Personal information
- Full name: James Baird Thorneycroft Montgomerie
- Date of birth: July 20, 1894
- Place of birth: Darvel, Scotland
- Date of death: March 22, 1987 (aged 92)
- Place of death: Eynsham, England
- Position: Centre back

Senior career*
- Years: Team / Apps / (Gls)
- Montreal Highlanders
- –1924: Canadian Grenadier Guards
- 1924–1931: New Bedford Whalers / 280 / (40)
- 1931: Fall River / 6 / (2)
- 1931: New Bedford Whalers / 19 / (0)

= Jimmy Montgomerie =

Scottish-Canadian soccer player

James Baird Montgomerie (20 July 1894 – 22 March 1987) was a Scottish-Canadian soccer centre half back who played in Canada and the United States. He was a veteran of World War I, serving in the Canadian Army and winning the Military Cross with bar.
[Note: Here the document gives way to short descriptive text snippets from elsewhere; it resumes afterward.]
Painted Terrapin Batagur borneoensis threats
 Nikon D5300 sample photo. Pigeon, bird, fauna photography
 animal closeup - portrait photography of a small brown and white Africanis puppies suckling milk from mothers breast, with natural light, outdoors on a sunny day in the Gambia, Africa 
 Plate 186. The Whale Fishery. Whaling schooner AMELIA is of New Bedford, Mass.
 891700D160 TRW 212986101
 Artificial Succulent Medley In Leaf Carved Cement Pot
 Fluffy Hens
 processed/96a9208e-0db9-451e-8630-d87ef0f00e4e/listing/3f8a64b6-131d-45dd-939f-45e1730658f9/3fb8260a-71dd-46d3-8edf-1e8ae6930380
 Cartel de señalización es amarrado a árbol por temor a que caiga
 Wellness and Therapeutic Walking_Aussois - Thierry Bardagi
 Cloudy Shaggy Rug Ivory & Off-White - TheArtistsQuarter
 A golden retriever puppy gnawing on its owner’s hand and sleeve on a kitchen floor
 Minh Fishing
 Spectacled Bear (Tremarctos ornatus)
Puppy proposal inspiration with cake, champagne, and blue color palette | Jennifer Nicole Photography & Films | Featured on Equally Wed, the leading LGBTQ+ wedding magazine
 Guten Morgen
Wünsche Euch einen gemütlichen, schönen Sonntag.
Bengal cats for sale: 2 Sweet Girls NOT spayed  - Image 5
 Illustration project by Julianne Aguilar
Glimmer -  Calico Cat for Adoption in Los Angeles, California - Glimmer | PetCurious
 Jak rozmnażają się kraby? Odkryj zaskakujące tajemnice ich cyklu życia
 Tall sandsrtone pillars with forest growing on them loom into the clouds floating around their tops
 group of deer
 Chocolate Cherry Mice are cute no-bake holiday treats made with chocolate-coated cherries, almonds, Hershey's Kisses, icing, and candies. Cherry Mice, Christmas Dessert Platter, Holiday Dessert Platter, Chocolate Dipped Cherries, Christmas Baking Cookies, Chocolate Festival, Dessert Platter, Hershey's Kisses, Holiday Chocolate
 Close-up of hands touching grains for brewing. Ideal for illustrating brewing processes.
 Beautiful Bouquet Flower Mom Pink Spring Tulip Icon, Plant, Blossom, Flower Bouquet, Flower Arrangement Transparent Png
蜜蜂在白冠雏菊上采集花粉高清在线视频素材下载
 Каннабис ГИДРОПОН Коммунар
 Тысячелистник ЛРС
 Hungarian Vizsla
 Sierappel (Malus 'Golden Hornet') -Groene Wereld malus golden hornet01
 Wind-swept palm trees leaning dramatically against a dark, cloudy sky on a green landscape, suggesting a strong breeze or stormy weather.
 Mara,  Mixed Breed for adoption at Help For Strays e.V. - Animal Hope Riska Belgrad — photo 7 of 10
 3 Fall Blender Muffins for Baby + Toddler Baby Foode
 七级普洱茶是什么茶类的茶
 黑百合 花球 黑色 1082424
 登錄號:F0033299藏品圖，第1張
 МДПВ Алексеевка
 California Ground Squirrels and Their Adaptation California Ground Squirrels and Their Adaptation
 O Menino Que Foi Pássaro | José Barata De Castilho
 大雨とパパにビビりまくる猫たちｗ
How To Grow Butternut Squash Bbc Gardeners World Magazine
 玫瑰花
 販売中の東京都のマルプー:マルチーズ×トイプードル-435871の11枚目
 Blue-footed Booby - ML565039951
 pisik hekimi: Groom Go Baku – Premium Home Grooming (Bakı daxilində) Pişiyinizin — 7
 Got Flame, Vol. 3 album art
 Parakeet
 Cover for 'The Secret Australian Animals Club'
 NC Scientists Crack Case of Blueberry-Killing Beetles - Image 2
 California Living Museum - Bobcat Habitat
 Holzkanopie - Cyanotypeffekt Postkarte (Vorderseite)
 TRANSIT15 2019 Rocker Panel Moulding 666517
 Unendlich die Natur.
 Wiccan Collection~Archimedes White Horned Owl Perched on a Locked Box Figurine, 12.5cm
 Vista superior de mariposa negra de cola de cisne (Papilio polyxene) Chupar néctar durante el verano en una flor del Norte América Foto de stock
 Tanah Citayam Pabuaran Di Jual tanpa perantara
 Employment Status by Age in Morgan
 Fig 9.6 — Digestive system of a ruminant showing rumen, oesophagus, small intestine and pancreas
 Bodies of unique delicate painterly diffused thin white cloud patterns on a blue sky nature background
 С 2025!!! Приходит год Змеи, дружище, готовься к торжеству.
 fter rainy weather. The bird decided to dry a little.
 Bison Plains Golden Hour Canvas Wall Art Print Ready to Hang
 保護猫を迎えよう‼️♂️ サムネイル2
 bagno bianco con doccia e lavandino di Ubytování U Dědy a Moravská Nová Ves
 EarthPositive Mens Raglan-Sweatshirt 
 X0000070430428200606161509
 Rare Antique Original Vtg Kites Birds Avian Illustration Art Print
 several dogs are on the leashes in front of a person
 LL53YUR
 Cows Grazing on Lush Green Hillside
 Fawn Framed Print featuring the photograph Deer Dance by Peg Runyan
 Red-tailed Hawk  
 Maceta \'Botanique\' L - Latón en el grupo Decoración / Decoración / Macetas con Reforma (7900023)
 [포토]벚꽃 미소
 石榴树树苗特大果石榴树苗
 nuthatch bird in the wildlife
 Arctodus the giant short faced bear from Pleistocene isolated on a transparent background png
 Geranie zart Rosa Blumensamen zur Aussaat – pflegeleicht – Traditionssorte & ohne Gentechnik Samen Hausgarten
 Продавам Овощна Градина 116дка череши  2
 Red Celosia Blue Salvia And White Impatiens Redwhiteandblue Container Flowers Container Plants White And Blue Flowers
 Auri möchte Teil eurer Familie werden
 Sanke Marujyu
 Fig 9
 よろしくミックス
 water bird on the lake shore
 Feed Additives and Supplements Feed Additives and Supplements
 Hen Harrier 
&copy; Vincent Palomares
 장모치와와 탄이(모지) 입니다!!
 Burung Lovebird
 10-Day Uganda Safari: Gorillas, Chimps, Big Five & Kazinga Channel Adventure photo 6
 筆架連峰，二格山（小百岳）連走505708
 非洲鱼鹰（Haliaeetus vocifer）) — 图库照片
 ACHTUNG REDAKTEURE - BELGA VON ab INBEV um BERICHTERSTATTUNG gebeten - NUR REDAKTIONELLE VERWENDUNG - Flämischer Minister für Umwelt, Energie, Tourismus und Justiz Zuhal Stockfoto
Born in Scotland, Montgomerie was playing in Montreal by 1915 when he was part of the Montreal All Star team which lost to the Toronto All Stars during their annual inter-city clash. At that time, he played for Highlanders. When World War I began, Montgomerie entered the Canadian Army and was assigned to the 42nd Battalion. During that war, he served as a lieutenant and won the Military Medal and the Military Cross with bar. After the war, he returned to Canada. In 1922, he played for Montreal's Canadian Grenadier Guards when they won the Quebec Cup. In 1924, Montgomerie moved south to join the New Bedford Whalers of the American Soccer League. He remained with the Whalers until the fall of 1931, aside from six games with the Fall River in the spring of 1931.